DATA RECORDS:
● ● ● ●

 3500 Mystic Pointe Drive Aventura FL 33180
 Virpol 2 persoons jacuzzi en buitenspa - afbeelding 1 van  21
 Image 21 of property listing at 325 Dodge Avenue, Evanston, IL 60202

● ● ● ●

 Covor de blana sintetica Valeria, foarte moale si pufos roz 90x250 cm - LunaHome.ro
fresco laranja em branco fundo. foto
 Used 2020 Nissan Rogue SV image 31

● ● ● ●

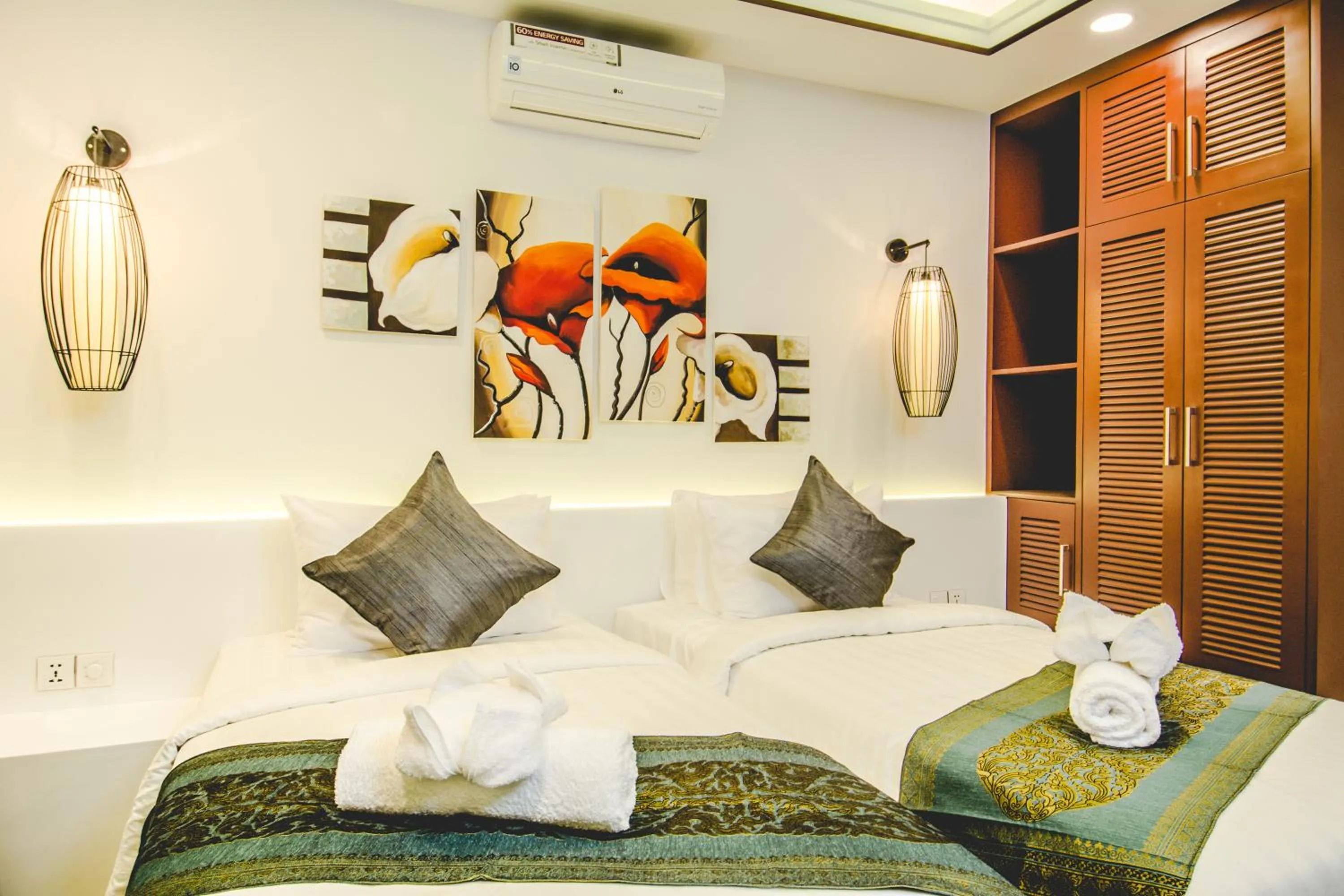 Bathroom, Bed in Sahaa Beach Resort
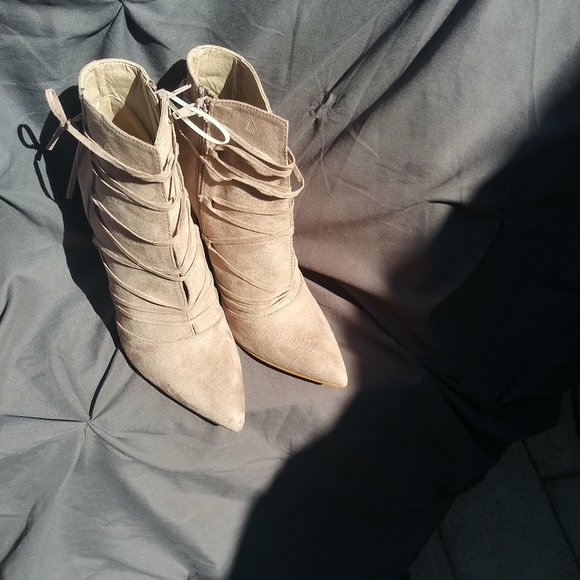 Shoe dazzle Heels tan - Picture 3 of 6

● ● ● ●

TASK REQUIREMENTS: Of all the entries above, repeat only the lines from the line that has "3500 Mystic Pointe Drive Aventura FL 33180" to the line that has "Image 21 of", both lines included, exactly.

SOLUTION BELOW:
 3500 Mystic Pointe Drive Aventura FL 33180
 Virpol 2 persoons jacuzzi en buitenspa - afbeelding 1 van  21
 Image 21 of property listing at 325 Dodge Avenue, Evanston, IL 60202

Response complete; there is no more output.